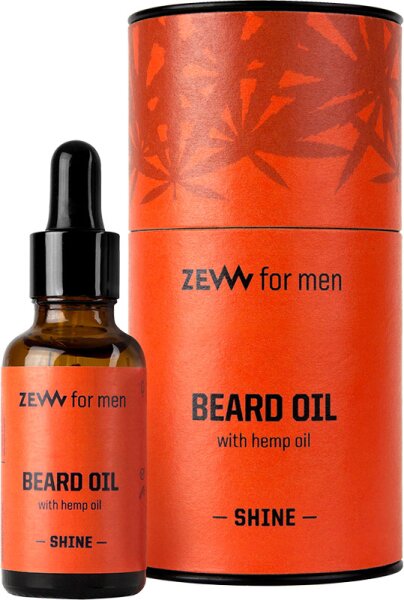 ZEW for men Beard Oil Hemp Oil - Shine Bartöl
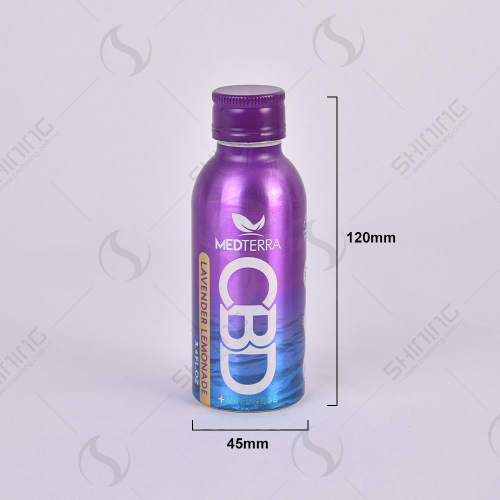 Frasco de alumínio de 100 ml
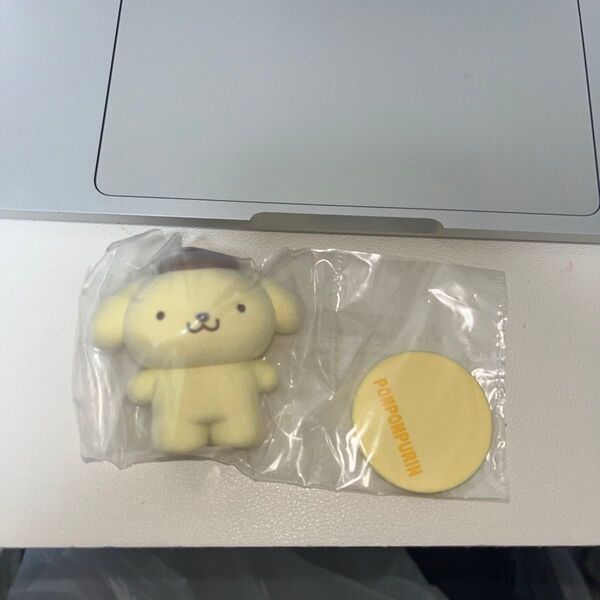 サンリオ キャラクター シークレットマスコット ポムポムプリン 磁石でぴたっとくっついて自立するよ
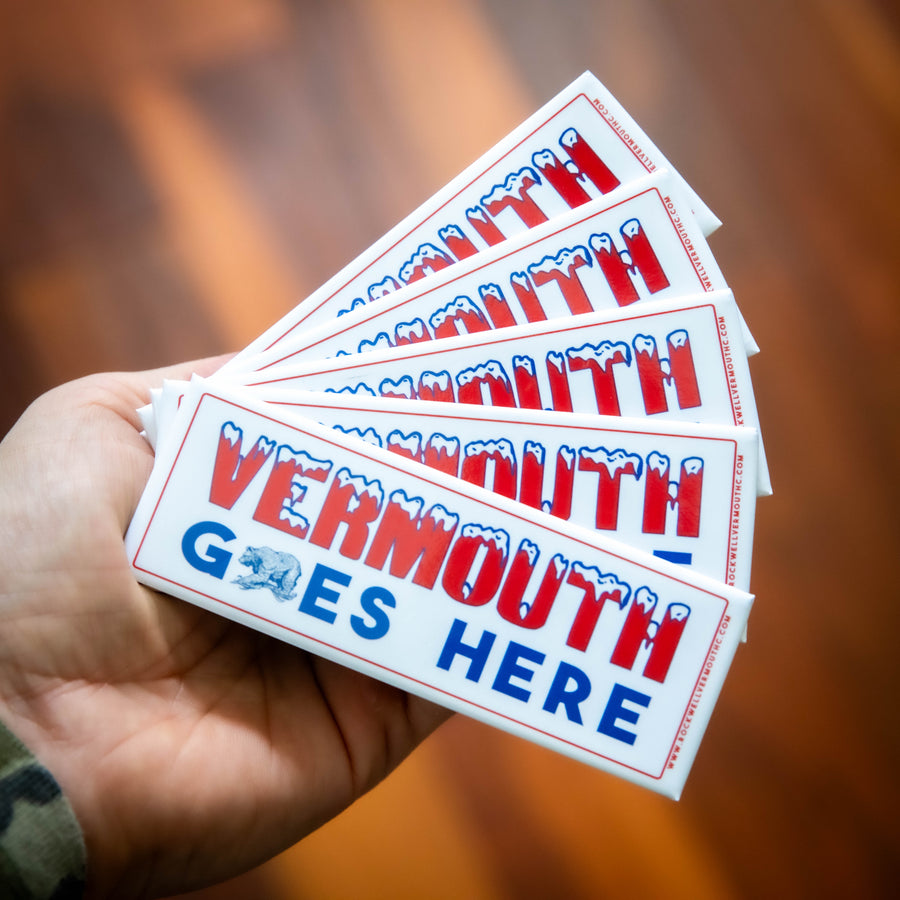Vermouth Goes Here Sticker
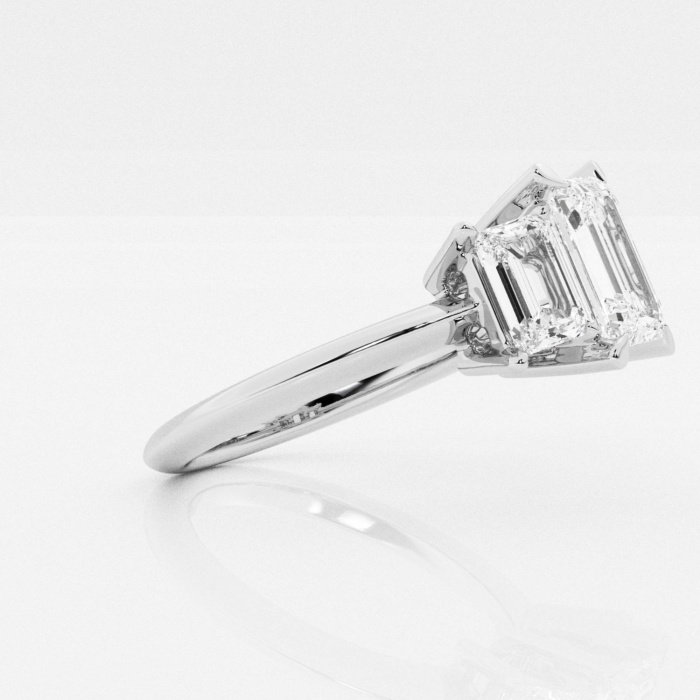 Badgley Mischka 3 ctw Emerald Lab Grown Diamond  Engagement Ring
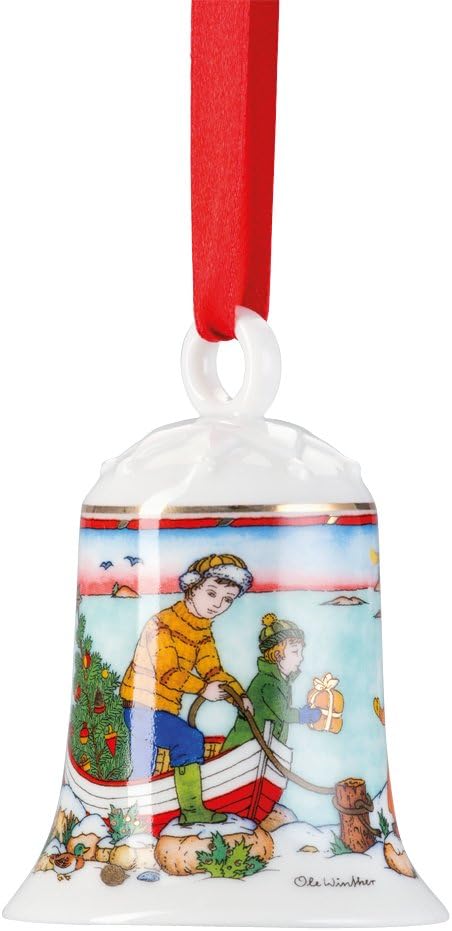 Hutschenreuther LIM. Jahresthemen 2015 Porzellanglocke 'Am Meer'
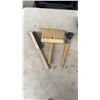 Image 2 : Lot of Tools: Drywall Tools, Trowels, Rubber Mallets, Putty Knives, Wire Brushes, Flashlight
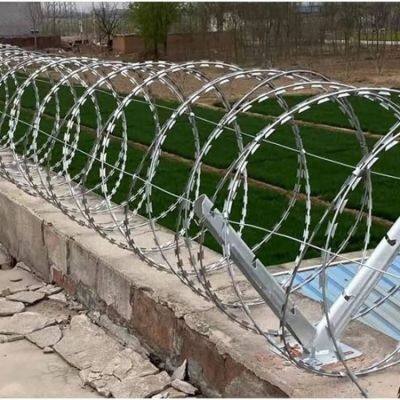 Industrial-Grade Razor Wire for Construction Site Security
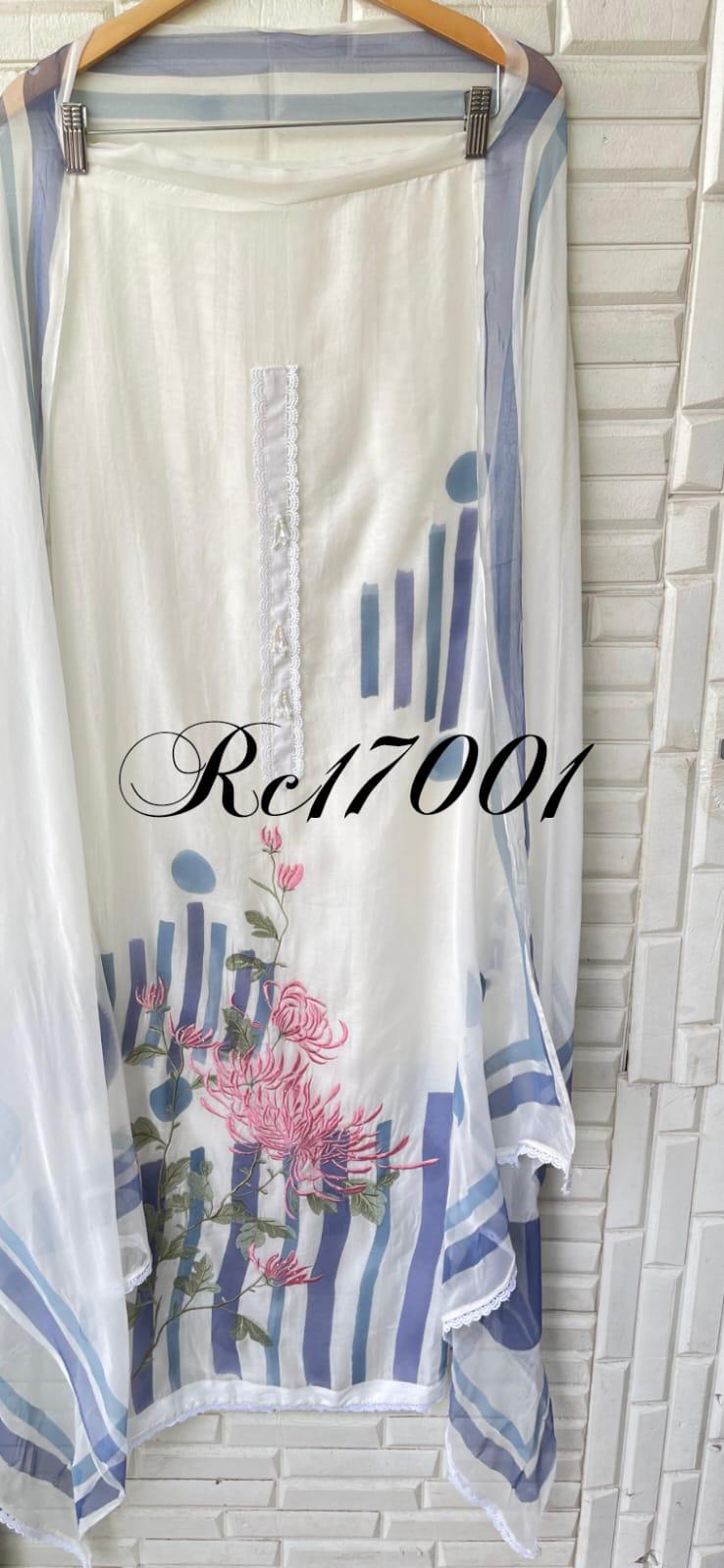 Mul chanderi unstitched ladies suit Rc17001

- WORK INSTRUCTION -
The required output is every line from the one containing "Badgley Mischka 3" through the last line of the data above, restated exactly and without pictures.

- ANSWER TO THIS PROBLEM -
 Badgley Mischka 3 ctw Emerald Lab Grown Diamond  Engagement Ring
 Hutschenreuther LIM. Jahresthemen 2015 Porzellanglocke 'Am Meer'
 Image 2 : Lot of Tools: Drywall Tools, Trowels, Rubber Mallets, Putty Knives, Wire Brushes, Flashlight
 Industrial-Grade Razor Wire for Construction Site Security
 Mul chanderi unstitched ladies suit Rc17001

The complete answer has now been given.